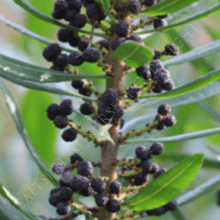 Pacific Wax Myrtle Seeds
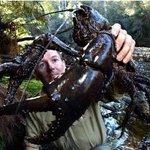 이럴수가! 거대한 타즈<b>매니</b>안 민물가재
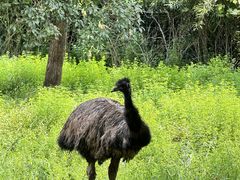 -杭州野生动物世界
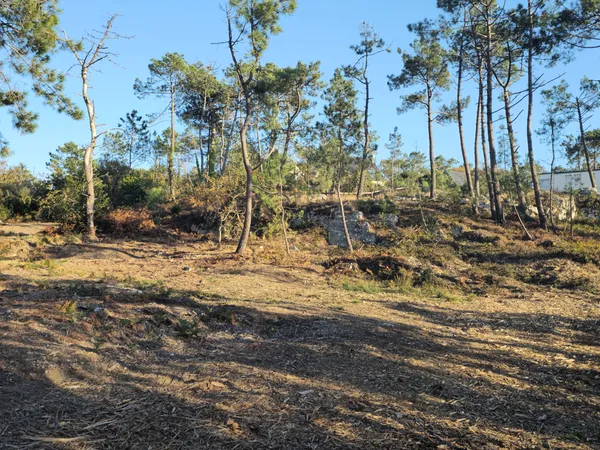 Terrains viabilisés en coeur du Bois de Kador à Crozon, proches du littoral 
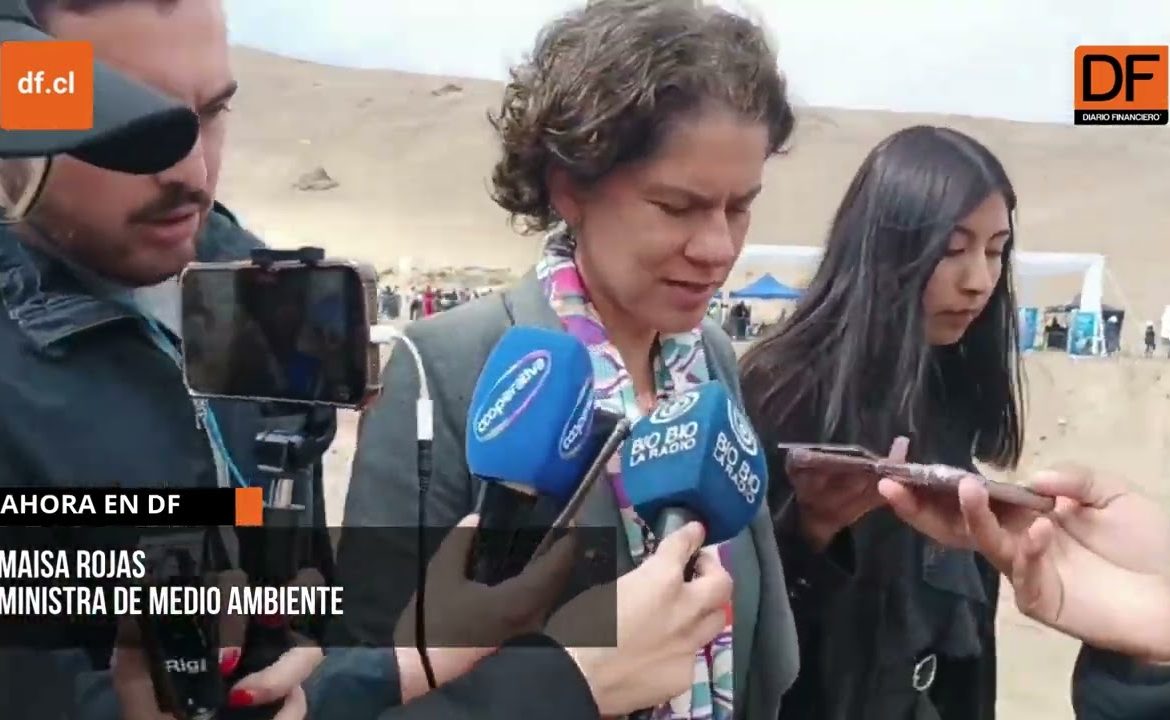 Ministra del Medio Ambiente y despido de director regional de Antofagasta: “Fue una decisión autónoma del SEA”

──────

Task prompt: Please copy out the whole listing exactly as it stands, minus the pictures.

Reply to the exercise:
 Pacific Wax Myrtle Seeds
 이럴수가! 거대한 타즈<b>매니</b>안 민물가재
 -杭州野生动物世界
 Terrains viabilisés en coeur du Bois de Kador à Crozon, proches du littoral 
 Ministra del Medio Ambiente y despido de director regional de Antofagasta: “Fue una decisión autónoma del SEA”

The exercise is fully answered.